With last night's results in Wisconsin, PPP can boast a complete sweep in the Wisconsin recall races -- a feat extra impressive given that these were unprecedented recalls, in the middle of summer.
PPP Actual
Holperin (D) 55 55
Simac (R) 41 45
Wirch (D) 55 58
Steitz (R) 42 42
Moore (D) 42 42
Harsdorf (R) 54 58
Clark (D) 47 48
Olsen (R) 50 52
King (D) 48 51
Hopper (R) 49 49
Shilling (D) 54 55
Kapanke (R) 43 45
Hansen (D) 62 67
VanderLeest (R) 34 33
Now, rational people will look at PPP's track record and say "not all pollsters are accurate 100 percent of the time, but these guys are pretty darn good!" But over at the Washington Post (and other legacy media outlets), their writers aren't allowed to cite automated polls because they are different and scary! So that leads them to write things like this, from Chris Cillizza:
Tight race expected in final Wisconsin recalls
The Wisconsin recall fight ends Tuesday, and while the state Senate is no longer in play, Republicans could cut into the gains Democrats made last week. One Democratic seat in tomorrow’s election is probably safe; the race for the other one is very close. ..

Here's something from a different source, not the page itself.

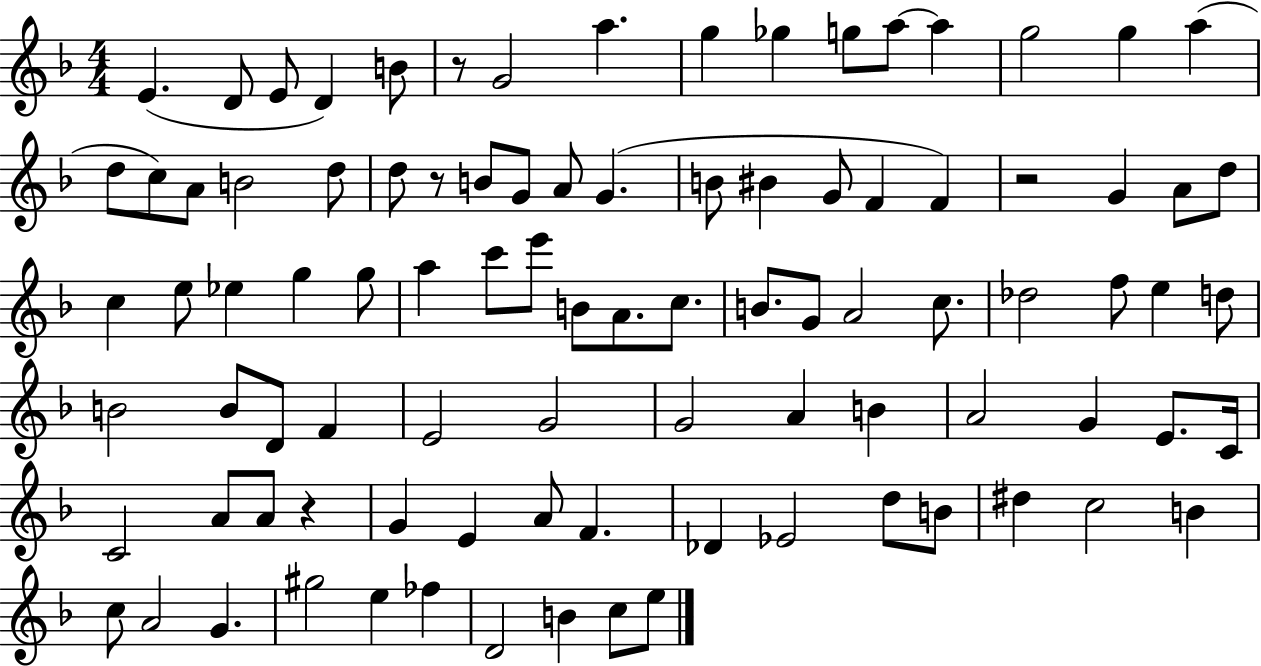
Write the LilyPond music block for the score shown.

Polls are not much help in predicting the contests’ outcome. Republicans are touting an automated survey that showed the race for Holperin’s seat as too-close-to-call. Democrats counter by pointing to an automated poll that shows both Holperin and Wirch with double-digit leads. (The Washington Post does not publish automated poll results.)

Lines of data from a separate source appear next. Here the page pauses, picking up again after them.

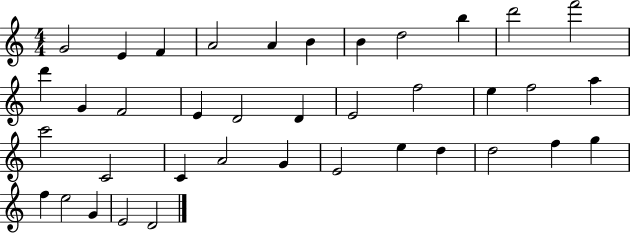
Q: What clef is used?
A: treble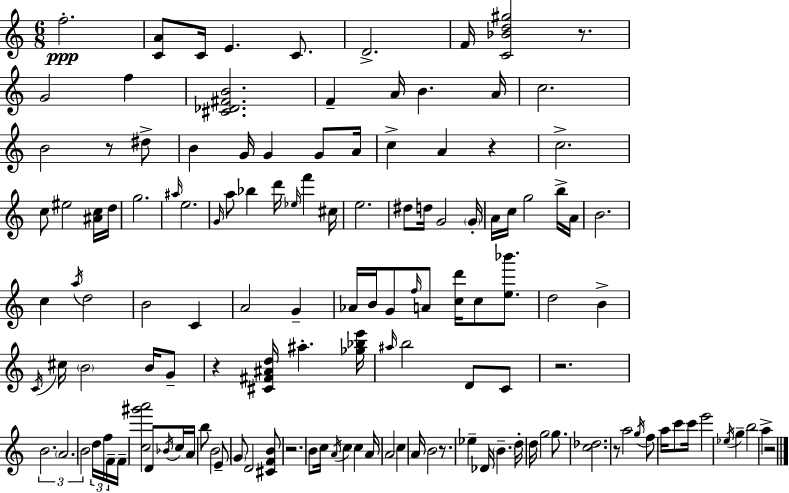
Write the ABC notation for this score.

X:1
T:Untitled
M:6/8
L:1/4
K:C
f2 [CA]/2 C/4 E C/2 D2 F/4 [C_Bd^g]2 z/2 G2 f [^C_D^FB]2 F A/4 B A/4 c2 B2 z/2 ^d/2 B G/4 G G/2 A/4 c A z c2 c/2 ^e2 [^Ac]/4 d/4 g2 ^a/4 e2 G/4 a/2 _b d'/4 _e/4 f' ^c/4 e2 ^d/2 d/4 G2 G/4 A/4 c/4 g2 b/4 A/4 B2 c a/4 d2 B2 C A2 G _A/4 B/4 G/2 f/4 A/2 [cd']/4 c/2 [e_b']/2 d2 B C/4 ^c/4 B2 B/4 G/2 z [^C^F^Ad]/4 ^a [_g_be']/4 ^a/4 b2 D/2 C/2 z2 B2 A2 B2 d/4 f/4 F/4 F/4 [c^g'a']2 D/2 _B/4 c/4 A/4 b/2 B2 E/2 G/2 D2 [^CFB]/2 z2 B/2 c/4 A/4 c c A/4 A2 c A/4 B2 z/2 _e _D/4 B d/4 d/4 g2 g/2 [c_d]2 z/2 a2 g/4 f/2 a/4 c'/2 c'/4 e'2 _e/4 g b2 a z2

Polls are actually very helpful in predicting the outcome. The results speak for themselves. What isn't helpful is shitty Republican ideology-driven polling like Rasmussen and this new kid on the block, We Poll America that claimed the race was a 51-49 Holperin lead.
And yes, those GOP polling hacks are ideologically motivated.
Democrats easily held the two state Senate seats that were up for re-election last night. Public Policy Polling predicted the result; another automated pollster, We Ask America, nearly didn't. That organization burned up the interwebs with a poll showing the most endangered Democrat, Jim Holperin, leading his Tea Party-inspired GOP opponent by a slim 51-49 margin. That gave conservatives some hope that one of the "fleebagger" Democrats could be defeated at the polls. Holperin ended up winning by 10 points.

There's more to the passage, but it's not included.